Tracklist:
01. Toccata avanti la Messa
02. Gaudeamus omnes
03. Missa Gaudeamus: I. Kyrie
04. Missa Gaudeamus: II. Gloria
05. Dominus vobiscum – Famulorum tuorum, quaesumus Domine
06. Lectio libri Sapientiae
07. Propter veritatem
08. Alleluia. Assumpta est Maria in caelum
09. Canzon dopo l'Epistola
10. Dominus vobiscum – In illo tempore
11. Missa Gaudeamus: III. Credo
12. Recercar dopo il Credo
13. Assumpta est Maria
14. Vidi speciosam: I. Vidi speciosam
15. Per omnia saecula – Dominus vobiscum – Vere dignum et iustum est
16. Missa Gaudeamus: IV. Sanctus
17. Missa Gaudeamus: V. Benedictus
18. Per omnia saecula – Pater noster
19. Missa Gaudeamus: VI. Agnus Dei
20. Optimam partem elegit sibi Maria
21. Vidi speciosam: II. Quae est ista
22. Dominus vobiscum – Mensae caelestis participes effecti
23. Recercar "Sancta Maria"
This recording by the lay clerks of Westminster Cathedral presents a full choral, and instrumental, celebration of Mass for the Feast of the Assumption of the Blessed Virgin Mary, which falls on 15 August.
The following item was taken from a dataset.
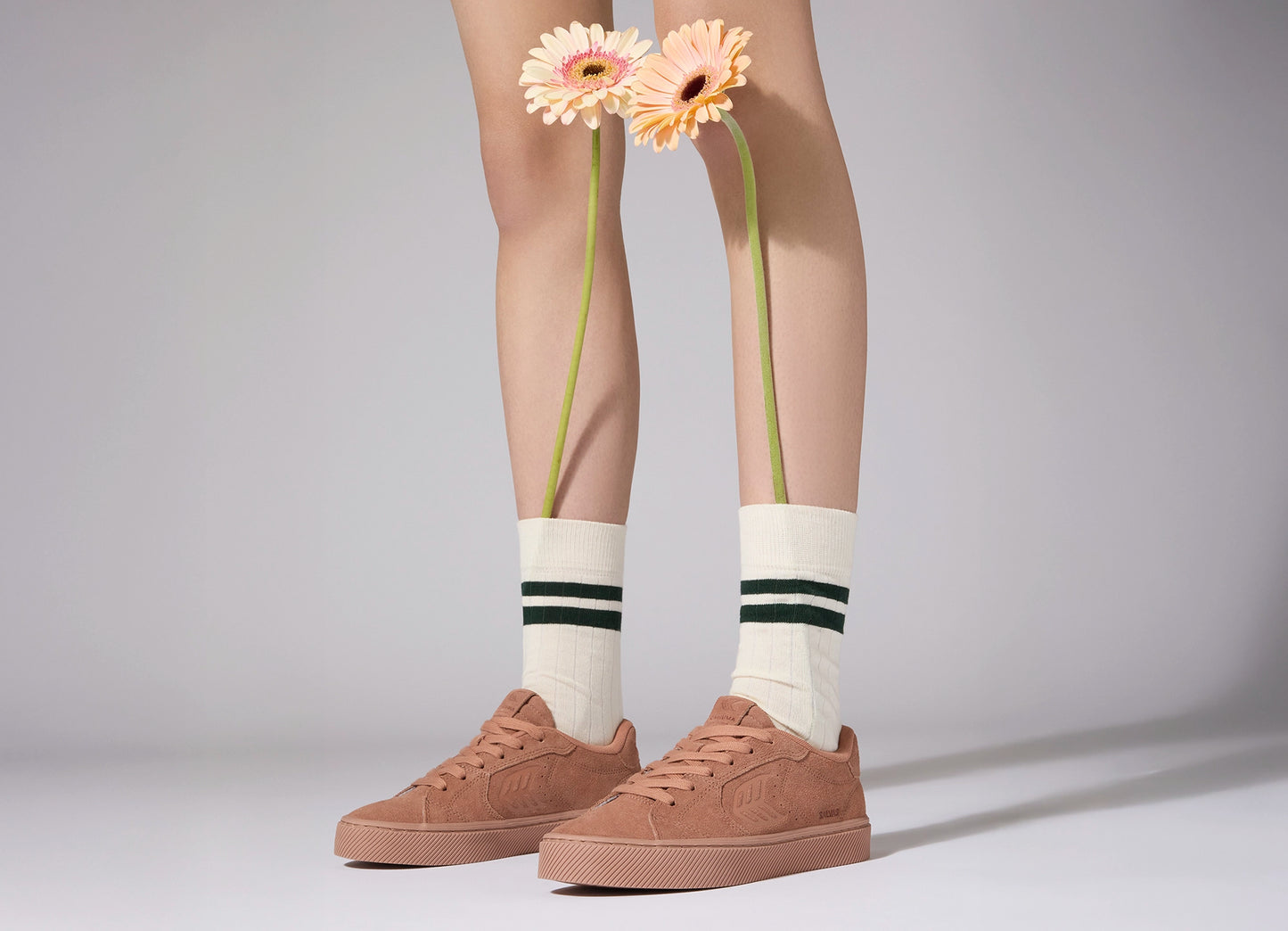 SALVAS Suede All Mocha Mousse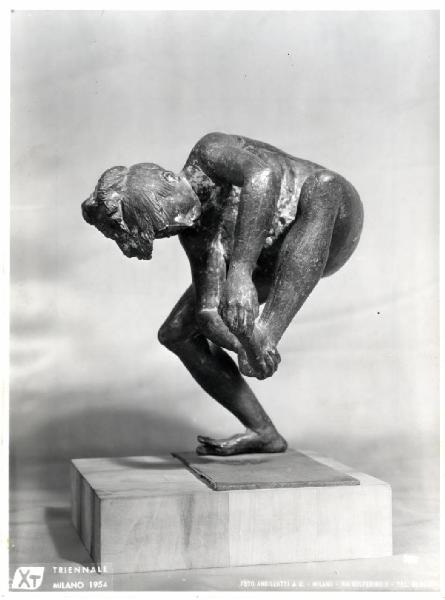 X Triennale - Salone d'onore. I trent'anni della Triennale 1924-54 - Bronzetto "La spina nel piede" di Pericle Fazzini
It is based on music by two major composers, Tomás Luis de Victoria and Girolamo Frescobaldi. Victoria’s Missa Gaudeamus provides the central feature of an elaborate liturgical sequence in which other music—including a motet by Victoria, Mass Propers and other passages of chant, and organ music by Frescobaldi in several forms—is interpolated between the movements of the Mass Ordinary. This festive celebration of Mass is intended not as a reconstruction of a known occasion in the early seventeenth century, but as a sort of musical offering illustrating the complex liturgical structures becoming available in a period when the resources for the enrichment of the liturgy were growing steadily.
Tomás Luis de Victoria, the greatest composer of the Spanish sixteenth-century ‘golden age’ of polyphonic music, was born in Avila in 1548 and died in Spain in 1611. In about 1558 he became a choirboy in Avila Cathedral, where he received his earliest musical training. When his voice broke he was sent to the Collegium Germanicum at Rome where he was enrolled as a student in 1565. He was to spend the next twenty years in Rome, where he occupied a number of posts of which the most important were at S Maria di Monserrato, the Collegium Germanicum, the Roman Seminary (where he succeeded Palestrina as Maestro di cappella in 1571) and S Apollinare. In 1575 he took holy orders and three years later was admitted to chaplaincy at S Girolamo della Carità. Around 1587 he left Italy and in that year took up an appointment as chaplain to the dowager Empress Maria at the Royal Convent for Barefoot Clarist Nuns, where he acted as maestro to the choir of priests and boys that was attached to the convent.
Victoria’s musical output was relatively small compared with other major Renaissance composers such as Palestrina (who published five times as much music) and Lassus (who published even more), and he published no secular music. The music he did publish, however, shows a generally very high level of inspiration and musical craftsmanship, and it is clear—from the constant revisions he made to the successive editions of his works that appeared during his lifetime and from some of his comments in prefaces to his works—that he adopted a highly critical attitude to what he wrote. In his dedication to Pope Gregory XIII of his 1581 volume of Hymni totius anni, he speaks of music being ‘an art to which I am instinctively drawn, and to the perfection of which I have devoted long years of study, with the help and encouragement of others of critical judgement’.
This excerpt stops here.